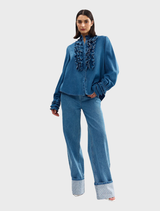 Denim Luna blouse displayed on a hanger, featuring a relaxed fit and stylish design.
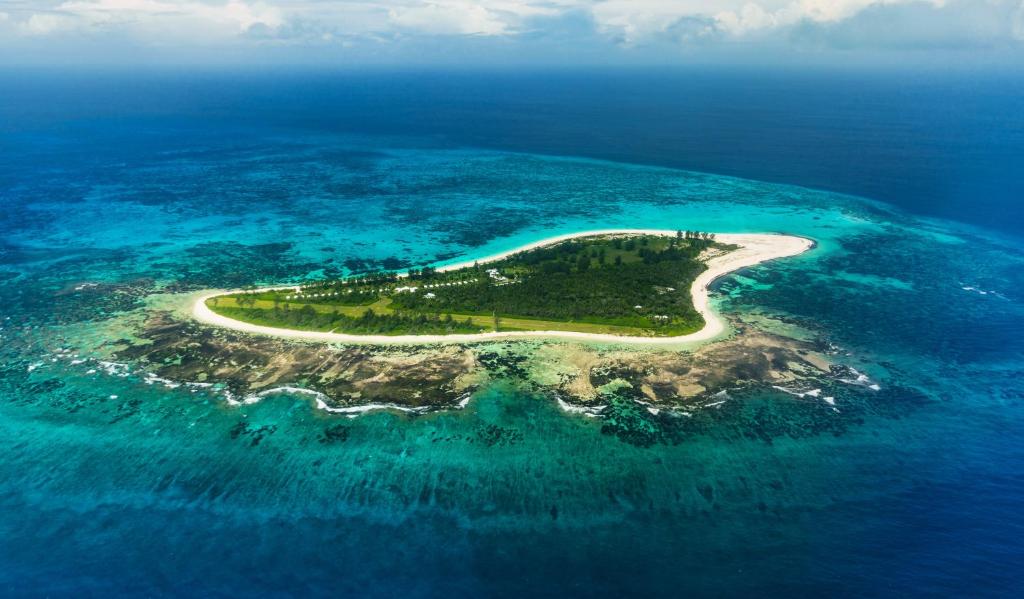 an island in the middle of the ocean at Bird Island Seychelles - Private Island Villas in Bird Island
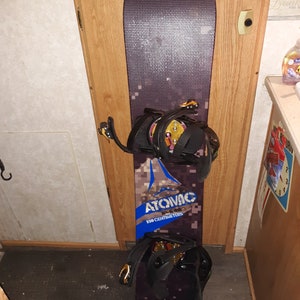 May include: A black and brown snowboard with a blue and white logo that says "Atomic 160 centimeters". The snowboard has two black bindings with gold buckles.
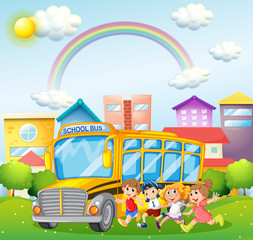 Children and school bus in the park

---

▶ **Work item**: A verbatim rendering of the listing above is required, without any of its pictures.

▶ **Response to this exercise**:
 Denim Luna blouse displayed on a hanger, featuring a relaxed fit and stylish design.
 an island in the middle of the ocean at Bird Island Seychelles - Private Island Villas in Bird Island
 May include: A black and brown snowboard with a blue and white logo that says "Atomic 160 centimeters". The snowboard has two black bindings with gold buckles.
 Children and school bus in the park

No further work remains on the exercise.